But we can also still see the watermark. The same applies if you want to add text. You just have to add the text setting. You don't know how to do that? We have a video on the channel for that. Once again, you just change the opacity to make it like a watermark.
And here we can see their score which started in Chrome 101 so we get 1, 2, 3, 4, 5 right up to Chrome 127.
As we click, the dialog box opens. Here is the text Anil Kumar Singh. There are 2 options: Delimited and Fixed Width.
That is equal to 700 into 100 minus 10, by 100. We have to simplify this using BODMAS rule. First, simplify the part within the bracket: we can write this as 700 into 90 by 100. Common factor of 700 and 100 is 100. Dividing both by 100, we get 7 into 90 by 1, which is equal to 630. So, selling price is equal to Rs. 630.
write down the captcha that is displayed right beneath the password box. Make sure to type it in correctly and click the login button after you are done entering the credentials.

========

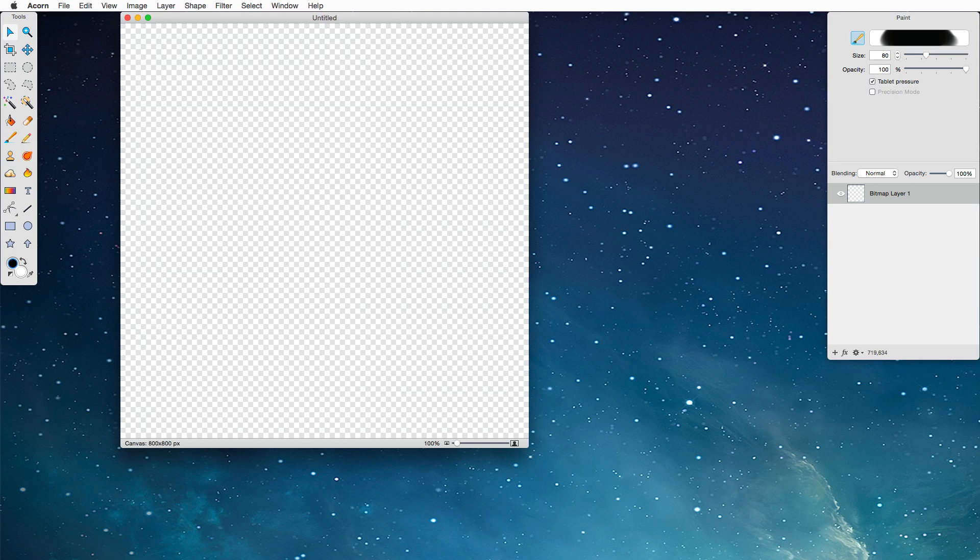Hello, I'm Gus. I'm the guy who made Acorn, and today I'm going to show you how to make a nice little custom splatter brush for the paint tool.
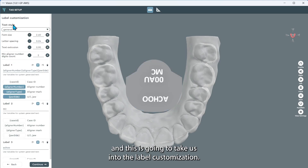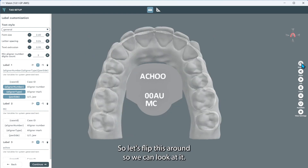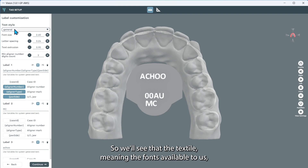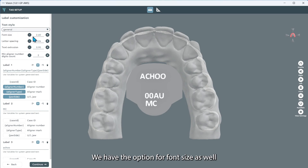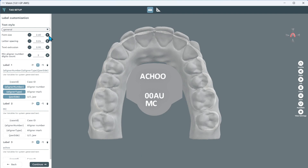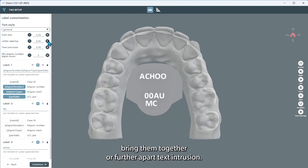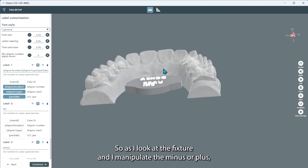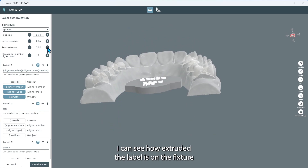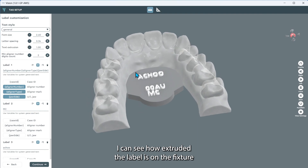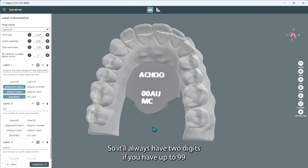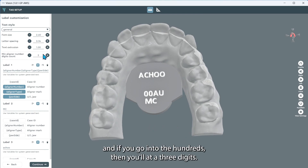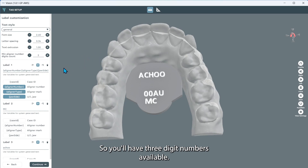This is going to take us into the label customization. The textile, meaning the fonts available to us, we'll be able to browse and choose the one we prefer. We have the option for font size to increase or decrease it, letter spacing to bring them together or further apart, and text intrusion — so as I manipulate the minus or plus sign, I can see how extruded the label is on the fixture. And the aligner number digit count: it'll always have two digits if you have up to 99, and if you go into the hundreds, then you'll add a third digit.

========

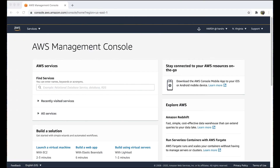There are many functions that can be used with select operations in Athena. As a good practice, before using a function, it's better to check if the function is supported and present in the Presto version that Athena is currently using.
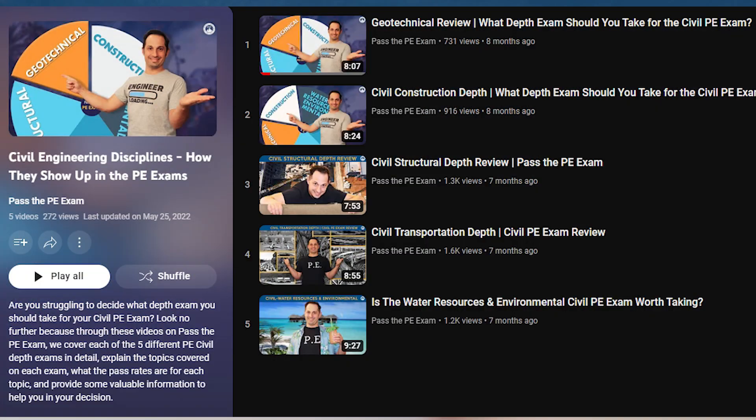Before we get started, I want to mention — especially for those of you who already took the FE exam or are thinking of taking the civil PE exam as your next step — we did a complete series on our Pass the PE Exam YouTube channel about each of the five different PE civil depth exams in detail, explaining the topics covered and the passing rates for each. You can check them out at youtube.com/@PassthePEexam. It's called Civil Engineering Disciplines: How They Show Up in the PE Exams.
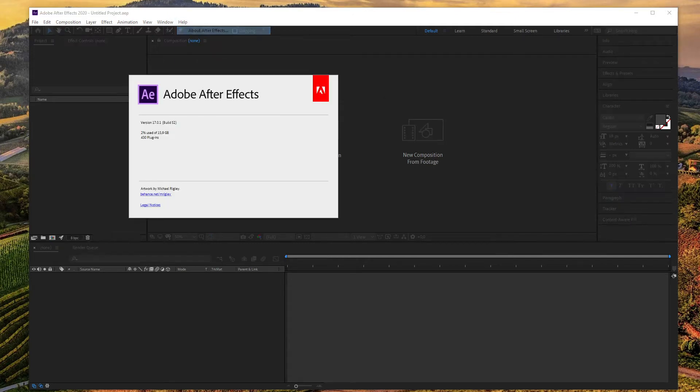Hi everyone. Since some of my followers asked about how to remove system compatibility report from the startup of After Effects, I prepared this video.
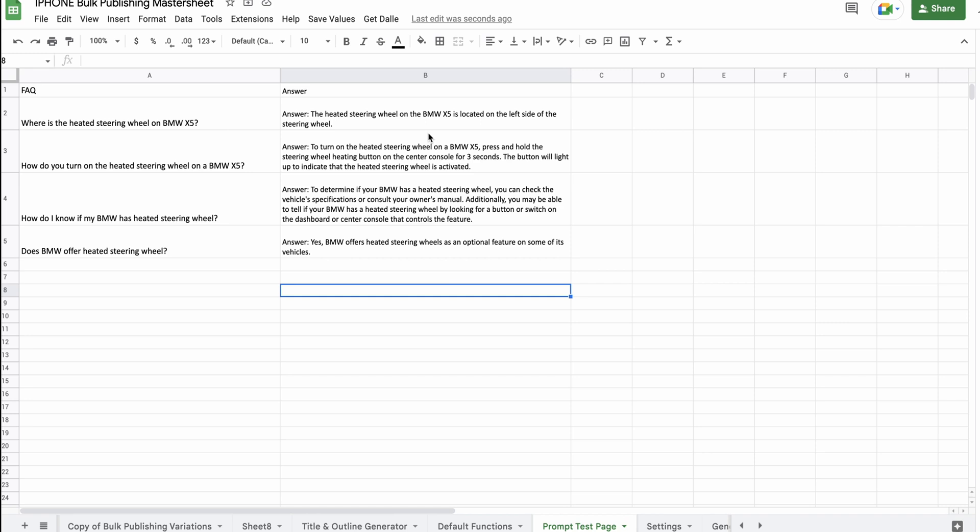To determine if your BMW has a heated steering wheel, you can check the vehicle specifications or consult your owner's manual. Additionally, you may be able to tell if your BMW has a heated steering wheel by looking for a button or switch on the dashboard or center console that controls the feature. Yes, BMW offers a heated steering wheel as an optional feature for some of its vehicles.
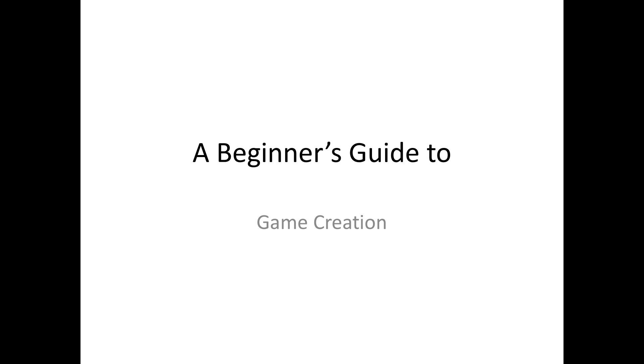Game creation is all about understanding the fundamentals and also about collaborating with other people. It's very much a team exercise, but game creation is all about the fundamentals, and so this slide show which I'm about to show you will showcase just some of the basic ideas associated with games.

========

> **Requirement**
Print, without alteration, only the lines above between the one holding "But we can also" and the one holding "And here we", inclusive.

> **Problem solution**
But we can also still see the watermark. The same applies if you want to add text. You just have to add the text setting. You don't know how to do that? We have a video on the channel for that. Once again, you just change the opacity to make it like a watermark.
And here we can see their score which started in Chrome 101 so we get 1, 2, 3, 4, 5 right up to Chrome 127.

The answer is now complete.